# How do you solve log(x-1)+log(x+1)=2 log(x+2)?

Jan 19, 2016

There are no solutions.

#### Explanation:

Use the logarithm rules to simplify either side:

• Left hand side: $\log a + \log b = \log \left(a b\right)$
• Right hand side: $b \log a = \log \left({a}^{b}\right)$

This gives

$\log \left[\left(x - 1\right) \left(x + 1\right)\right] = \log \left[{\left(x + 2\right)}^{2}\right]$

This can be simplified using the following rule:

• If $\log a = \log b$, then $a = b$

Giving us:

$\left(x - 1\right) \left(x + 1\right) = {\left(x + 2\right)}^{2}$

Distribute both of these.

${x}^{2} - 1 = {x}^{2} + 4 x + 4$

Solve. The ${x}^{2}$ terms will cancel, so there will only be one solution.

$4 x = - 5$

$x = - \frac{5}{4}$

However, this solution is invalid.
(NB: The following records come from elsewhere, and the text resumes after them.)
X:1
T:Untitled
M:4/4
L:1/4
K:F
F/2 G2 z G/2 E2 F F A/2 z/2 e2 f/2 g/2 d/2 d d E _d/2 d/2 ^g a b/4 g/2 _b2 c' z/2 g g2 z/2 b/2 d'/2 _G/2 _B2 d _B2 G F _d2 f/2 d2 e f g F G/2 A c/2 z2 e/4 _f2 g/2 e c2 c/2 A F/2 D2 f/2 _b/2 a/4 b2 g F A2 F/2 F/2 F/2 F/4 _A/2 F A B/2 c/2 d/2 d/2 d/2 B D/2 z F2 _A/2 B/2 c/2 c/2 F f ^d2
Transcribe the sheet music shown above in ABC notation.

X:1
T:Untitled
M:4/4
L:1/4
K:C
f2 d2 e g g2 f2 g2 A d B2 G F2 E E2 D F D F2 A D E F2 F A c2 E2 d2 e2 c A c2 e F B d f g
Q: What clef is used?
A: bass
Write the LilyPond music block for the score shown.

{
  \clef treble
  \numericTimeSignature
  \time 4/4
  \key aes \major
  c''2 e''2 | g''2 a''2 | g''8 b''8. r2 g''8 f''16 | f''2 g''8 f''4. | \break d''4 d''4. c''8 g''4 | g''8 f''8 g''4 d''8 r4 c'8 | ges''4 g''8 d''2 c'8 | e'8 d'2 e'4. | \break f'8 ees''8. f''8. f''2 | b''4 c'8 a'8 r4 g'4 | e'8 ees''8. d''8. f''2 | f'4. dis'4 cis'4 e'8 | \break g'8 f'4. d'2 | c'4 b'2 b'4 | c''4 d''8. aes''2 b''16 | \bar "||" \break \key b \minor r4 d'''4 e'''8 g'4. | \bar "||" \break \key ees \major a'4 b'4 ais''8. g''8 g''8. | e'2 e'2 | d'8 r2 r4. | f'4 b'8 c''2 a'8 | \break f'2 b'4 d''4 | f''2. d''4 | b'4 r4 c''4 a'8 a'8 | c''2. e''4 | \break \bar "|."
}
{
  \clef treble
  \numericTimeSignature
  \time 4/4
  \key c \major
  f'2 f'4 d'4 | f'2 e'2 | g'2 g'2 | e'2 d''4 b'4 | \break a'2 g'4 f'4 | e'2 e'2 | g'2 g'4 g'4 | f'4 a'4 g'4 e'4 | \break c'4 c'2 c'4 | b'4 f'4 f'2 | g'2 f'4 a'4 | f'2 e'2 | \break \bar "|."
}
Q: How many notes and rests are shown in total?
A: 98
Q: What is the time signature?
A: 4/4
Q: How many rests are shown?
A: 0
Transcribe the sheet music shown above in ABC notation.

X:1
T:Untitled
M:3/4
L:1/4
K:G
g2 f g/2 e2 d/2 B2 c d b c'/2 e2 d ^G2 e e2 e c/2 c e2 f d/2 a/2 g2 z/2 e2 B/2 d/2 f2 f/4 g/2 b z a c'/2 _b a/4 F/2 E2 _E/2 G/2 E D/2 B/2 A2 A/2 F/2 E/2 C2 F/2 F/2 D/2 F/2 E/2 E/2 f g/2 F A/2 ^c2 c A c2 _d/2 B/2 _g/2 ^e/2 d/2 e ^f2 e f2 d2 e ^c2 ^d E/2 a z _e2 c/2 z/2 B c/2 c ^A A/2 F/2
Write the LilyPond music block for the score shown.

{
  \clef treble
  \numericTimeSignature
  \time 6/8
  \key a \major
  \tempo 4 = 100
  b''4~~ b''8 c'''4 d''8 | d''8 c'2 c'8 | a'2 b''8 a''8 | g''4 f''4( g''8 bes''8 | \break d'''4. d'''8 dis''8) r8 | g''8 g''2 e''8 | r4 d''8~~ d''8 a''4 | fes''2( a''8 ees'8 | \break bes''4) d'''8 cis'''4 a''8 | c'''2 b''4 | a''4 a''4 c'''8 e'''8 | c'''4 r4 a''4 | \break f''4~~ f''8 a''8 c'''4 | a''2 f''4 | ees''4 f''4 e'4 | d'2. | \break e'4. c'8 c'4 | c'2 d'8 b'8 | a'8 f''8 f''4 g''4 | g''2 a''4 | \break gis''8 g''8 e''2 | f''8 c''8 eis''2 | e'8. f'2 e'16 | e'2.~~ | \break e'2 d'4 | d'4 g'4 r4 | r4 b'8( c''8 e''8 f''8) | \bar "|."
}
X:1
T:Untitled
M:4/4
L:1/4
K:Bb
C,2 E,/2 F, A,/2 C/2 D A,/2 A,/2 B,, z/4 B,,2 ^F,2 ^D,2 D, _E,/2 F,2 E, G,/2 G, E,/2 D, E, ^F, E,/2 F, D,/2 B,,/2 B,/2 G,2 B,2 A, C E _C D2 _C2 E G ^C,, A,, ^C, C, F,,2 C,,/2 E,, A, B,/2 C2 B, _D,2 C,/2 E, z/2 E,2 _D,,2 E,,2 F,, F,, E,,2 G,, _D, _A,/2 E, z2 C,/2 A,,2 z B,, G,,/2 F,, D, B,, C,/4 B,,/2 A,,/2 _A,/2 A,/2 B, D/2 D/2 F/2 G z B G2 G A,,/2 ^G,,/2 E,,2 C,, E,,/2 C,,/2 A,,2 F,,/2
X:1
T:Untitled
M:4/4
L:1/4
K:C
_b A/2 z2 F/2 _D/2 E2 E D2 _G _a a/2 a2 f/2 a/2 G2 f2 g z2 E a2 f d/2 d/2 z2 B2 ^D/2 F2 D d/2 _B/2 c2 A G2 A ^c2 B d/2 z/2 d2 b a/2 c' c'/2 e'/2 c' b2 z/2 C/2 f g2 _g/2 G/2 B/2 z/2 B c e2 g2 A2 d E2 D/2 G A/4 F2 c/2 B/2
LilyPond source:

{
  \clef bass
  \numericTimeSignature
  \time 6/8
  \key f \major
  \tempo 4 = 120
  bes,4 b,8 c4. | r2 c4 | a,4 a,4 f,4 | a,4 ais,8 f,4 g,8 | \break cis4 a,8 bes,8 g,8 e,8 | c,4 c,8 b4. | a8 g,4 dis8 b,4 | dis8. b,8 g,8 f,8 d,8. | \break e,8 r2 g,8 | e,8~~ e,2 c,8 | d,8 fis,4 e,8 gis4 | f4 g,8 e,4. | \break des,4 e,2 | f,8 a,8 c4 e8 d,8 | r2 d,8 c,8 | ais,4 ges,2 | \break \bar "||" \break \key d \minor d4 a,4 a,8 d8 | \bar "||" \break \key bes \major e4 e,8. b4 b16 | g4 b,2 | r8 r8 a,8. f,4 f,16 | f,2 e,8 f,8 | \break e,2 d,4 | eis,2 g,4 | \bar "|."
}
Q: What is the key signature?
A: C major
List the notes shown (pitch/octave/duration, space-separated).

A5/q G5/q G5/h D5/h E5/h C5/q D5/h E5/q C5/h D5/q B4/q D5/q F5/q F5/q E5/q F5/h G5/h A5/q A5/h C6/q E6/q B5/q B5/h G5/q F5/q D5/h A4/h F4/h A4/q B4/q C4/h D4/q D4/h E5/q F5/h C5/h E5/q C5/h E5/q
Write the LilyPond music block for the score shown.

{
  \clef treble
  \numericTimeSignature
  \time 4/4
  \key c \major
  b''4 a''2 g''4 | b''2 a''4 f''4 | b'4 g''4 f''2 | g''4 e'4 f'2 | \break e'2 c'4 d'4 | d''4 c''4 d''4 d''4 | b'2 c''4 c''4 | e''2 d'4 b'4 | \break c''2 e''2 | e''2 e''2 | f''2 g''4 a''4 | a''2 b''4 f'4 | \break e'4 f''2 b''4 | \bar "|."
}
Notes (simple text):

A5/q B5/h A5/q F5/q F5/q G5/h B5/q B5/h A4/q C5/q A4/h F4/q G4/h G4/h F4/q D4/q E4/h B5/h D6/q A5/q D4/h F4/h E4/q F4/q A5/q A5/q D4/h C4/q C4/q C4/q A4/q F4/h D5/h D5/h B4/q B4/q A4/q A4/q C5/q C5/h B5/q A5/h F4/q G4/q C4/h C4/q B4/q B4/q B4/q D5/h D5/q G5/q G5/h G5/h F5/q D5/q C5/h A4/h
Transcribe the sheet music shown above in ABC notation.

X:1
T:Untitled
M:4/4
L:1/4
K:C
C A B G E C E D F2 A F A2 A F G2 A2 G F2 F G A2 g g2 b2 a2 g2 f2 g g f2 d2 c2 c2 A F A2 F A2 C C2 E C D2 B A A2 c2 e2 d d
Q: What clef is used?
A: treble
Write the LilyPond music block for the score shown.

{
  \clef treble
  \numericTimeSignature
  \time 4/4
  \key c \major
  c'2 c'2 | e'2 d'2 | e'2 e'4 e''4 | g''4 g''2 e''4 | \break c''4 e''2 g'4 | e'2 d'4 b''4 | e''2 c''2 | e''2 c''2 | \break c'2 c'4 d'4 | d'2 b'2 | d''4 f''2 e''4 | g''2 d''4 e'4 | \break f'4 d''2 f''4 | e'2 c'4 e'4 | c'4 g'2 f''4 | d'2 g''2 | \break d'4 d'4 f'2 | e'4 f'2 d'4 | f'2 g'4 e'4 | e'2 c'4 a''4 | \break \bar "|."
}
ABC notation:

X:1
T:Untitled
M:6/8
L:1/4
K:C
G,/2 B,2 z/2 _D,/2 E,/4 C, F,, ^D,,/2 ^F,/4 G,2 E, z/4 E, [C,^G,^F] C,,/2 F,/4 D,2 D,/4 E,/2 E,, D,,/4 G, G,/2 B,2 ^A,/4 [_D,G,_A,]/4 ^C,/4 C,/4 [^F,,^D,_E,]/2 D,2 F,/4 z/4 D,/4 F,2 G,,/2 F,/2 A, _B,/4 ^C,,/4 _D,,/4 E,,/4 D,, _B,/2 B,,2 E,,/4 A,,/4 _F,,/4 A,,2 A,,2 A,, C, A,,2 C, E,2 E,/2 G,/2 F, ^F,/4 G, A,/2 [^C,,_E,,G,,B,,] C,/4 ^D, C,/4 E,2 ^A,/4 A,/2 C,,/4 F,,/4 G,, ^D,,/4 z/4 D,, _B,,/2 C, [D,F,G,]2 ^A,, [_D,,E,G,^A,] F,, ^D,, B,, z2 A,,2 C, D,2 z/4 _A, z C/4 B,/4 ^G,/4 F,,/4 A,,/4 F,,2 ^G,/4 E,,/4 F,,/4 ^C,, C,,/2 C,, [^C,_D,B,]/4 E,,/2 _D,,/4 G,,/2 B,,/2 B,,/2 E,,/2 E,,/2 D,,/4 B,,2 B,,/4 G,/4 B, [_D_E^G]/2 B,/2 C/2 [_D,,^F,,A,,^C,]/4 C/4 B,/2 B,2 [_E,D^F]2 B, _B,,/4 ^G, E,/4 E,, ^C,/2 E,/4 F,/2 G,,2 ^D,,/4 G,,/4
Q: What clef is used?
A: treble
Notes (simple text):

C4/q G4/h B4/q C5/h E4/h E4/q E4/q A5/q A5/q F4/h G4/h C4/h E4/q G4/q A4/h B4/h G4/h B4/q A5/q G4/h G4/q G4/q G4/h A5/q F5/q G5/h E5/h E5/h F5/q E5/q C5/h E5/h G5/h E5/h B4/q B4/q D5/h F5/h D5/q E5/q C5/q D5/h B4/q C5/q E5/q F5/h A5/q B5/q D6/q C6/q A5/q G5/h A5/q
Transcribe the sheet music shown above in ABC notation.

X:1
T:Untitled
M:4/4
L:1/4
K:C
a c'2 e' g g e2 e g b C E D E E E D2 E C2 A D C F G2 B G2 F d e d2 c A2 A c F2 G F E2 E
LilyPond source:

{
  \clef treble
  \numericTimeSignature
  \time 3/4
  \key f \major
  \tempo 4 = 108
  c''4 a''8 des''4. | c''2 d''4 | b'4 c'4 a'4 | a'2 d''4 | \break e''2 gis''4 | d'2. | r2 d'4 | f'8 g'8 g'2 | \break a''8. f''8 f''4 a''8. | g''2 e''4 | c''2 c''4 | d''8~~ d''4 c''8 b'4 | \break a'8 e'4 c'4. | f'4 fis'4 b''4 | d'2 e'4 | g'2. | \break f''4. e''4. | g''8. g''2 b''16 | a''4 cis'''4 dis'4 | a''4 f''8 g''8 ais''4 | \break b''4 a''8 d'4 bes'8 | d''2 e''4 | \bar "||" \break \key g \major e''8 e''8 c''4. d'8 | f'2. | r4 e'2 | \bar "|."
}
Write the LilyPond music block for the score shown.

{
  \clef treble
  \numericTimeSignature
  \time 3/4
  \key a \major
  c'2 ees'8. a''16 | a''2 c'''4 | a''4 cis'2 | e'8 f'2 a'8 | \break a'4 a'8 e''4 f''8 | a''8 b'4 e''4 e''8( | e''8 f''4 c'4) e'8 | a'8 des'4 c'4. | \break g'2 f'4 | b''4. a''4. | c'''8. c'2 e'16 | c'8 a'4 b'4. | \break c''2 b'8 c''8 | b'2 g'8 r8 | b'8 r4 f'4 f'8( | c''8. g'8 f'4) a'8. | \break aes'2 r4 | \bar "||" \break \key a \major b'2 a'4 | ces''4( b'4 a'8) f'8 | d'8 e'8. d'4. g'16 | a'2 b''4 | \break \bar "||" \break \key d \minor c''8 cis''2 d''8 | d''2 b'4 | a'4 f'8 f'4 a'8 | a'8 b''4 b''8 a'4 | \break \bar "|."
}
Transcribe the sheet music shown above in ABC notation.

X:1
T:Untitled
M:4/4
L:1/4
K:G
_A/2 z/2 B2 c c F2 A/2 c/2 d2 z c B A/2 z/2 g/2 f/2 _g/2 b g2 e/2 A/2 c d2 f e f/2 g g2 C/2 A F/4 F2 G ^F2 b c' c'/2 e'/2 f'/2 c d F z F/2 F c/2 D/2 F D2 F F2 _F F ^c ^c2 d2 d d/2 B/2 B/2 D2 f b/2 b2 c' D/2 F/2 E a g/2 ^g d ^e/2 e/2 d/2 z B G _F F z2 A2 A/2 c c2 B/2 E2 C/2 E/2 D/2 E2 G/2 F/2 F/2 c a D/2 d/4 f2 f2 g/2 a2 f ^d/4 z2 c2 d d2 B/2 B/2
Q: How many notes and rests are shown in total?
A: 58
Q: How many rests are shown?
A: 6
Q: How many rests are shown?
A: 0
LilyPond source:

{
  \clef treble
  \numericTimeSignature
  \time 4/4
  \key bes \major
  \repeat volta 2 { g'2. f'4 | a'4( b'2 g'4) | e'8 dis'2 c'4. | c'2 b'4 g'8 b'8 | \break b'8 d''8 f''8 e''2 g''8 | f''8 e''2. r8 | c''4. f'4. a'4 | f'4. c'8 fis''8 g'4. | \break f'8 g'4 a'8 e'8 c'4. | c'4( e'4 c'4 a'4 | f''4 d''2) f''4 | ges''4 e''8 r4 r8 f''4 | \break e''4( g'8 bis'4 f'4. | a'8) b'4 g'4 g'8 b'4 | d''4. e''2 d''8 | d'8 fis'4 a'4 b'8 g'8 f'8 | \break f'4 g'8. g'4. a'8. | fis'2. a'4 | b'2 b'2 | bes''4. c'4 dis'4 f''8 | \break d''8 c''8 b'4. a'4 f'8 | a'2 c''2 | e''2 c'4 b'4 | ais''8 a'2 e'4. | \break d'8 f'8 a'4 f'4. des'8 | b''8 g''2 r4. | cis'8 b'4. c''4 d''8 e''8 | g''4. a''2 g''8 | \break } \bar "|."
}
Imagine if $x$ actually were $- \frac{5}{4}$. Plug it into the original equation. The terms $\log \left(x - 1\right)$ and $\log \left(x + 1\right)$ would be $\log \left(- \frac{9}{4}\right)$ and $\log \left(- \frac{1}{4}\right)$, and the logarithm function $\log a$ is only defined when $a > 0$.